Some Challenges in Confidentiality
Miron L. Straf
The National Academies
The digital age has spawned the rapid development of massive data
sets, including large databases for tracking individuals over time
and for remote sensing of the environment and of individual behavior.
The data revolution extends as well to the very essence of human beings:
their genes, their DNA, and their activities in the brain that govern
thoughts, emotions, and all human functioning. Moreover, advanced
data mining and visualization techniques enable the recognition of
patterns involving many variables at once.
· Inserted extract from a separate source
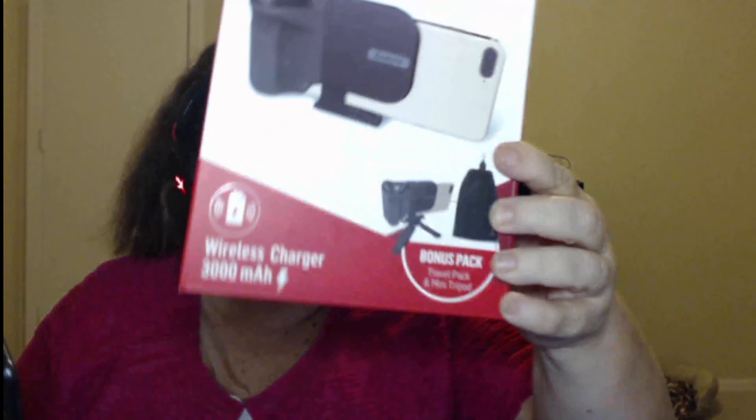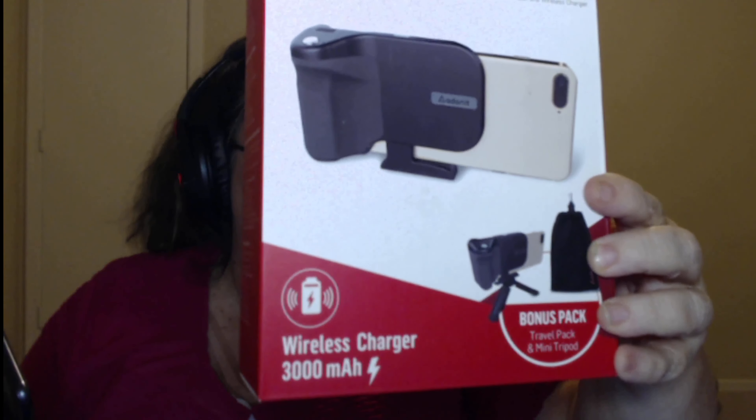They have some that are standing up, some that are round, all kinds of different ones — ones with a speaker. Let's take a look at what the milliamps are. Milliamps are MAH. So look at how much the MAH is on the wireless Qi Charger. QI is pronounced 'Qi'.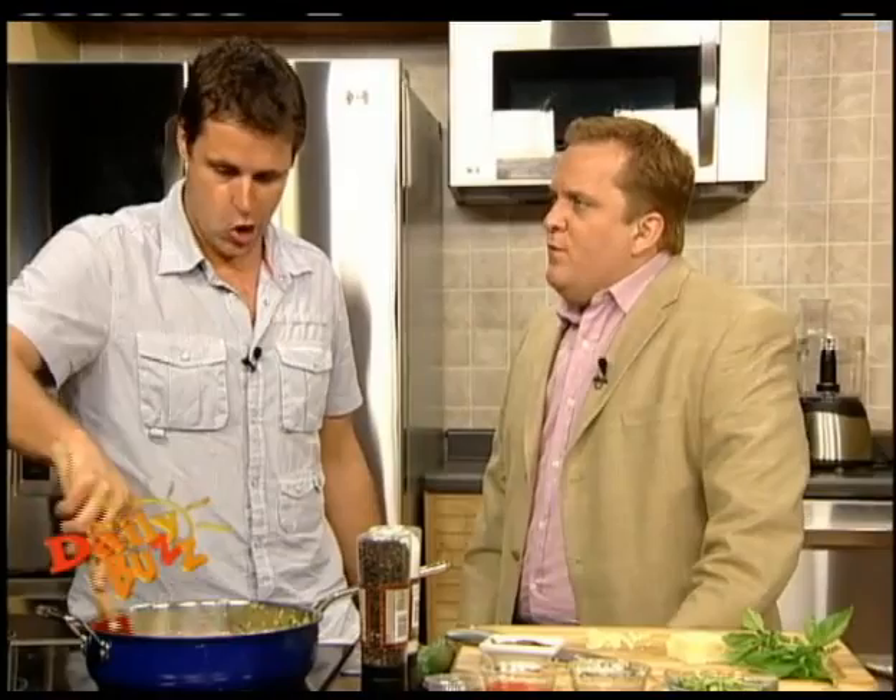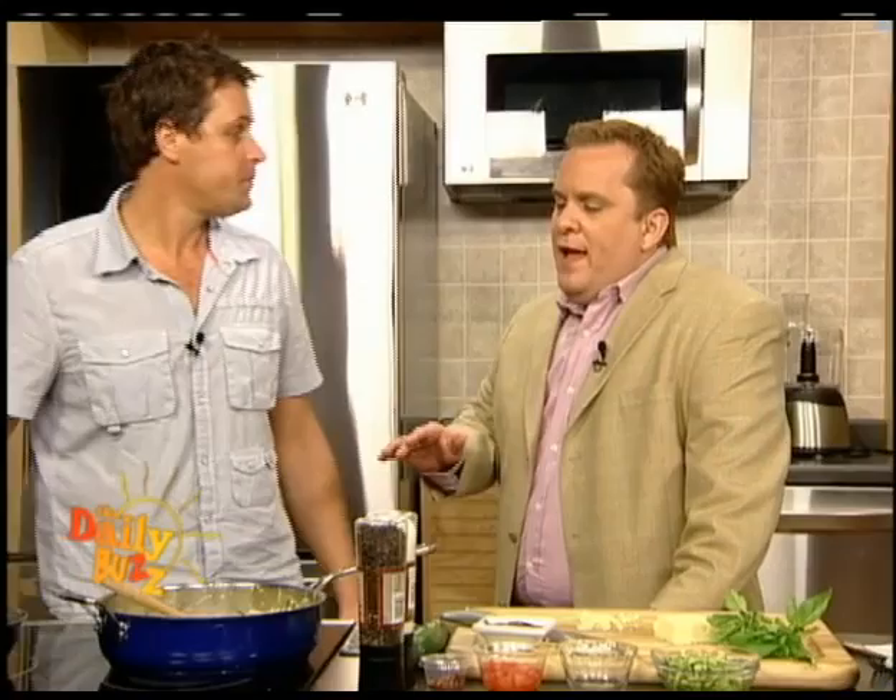Good morning, how are you? Good. Now listen, dinner time is important. We've got to have a good meal, trying something a little bit different, and you can do this with the pasta — it's very simple and very inexpensive to make.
The future will bring many other advances, such as computer-based
time-use measures of location and activity, perhaps even of emotions
or thoughts; geographic mapping of variables to the specific location,
without regard to boundaries or how units are aggregated; and deciphering
meaning from language in textual form. Our ability to develop data
through new measurements and observations and to analyze them with
new methods and models has never been greater. And prospects for far
greater advances abound.
At the same time, our political and other social institutions have
become voracious in their needs for data to inform, implement, and
evaluate policies and practices–activities that often require
an understanding of highly complex human behavior. For example, the
genomics revolution promises to be a watershed in health and medicine,
making health care “predictive, personalized, and pre-emptive.”
Within this next decade, it may be possible to determine an individual’s
genetic sequence overnight and at a reasonable cost.
The data revolution could provide for the many needs for data from
personal information, but it must do so responsibly by addressing
concerns about privacy and confidentiality. How issues of privacy
and confidentiality should be addressed in an era of burgeoning massive
databases of personal information is the Gordian knot of the digital
age.
Principles of data stewardship
The research community and government data providers could better
inform policies and practices with the development of an authoritative
set of principles for privacy and confidentiality of personal information
together with an exposition of the fundamental reasons underlying
them and guidance on their application. Such a statement of principles
could serve privacy and confidentiality as the Belmont Report has
been serving for research involving human subjects.
Actions by data providers
Government and other data providers should further expand the availability
of information derived from confidential data, including, through
protected enclaves, the confidential data themselves. Three actions
by government data providers would advance this purpose:
1. Seek legislation and regulations to place the onus of responsibility
on users to avoid identifying any individual. Penalties could be provided
by law, such as the National Center for Education Statistics has.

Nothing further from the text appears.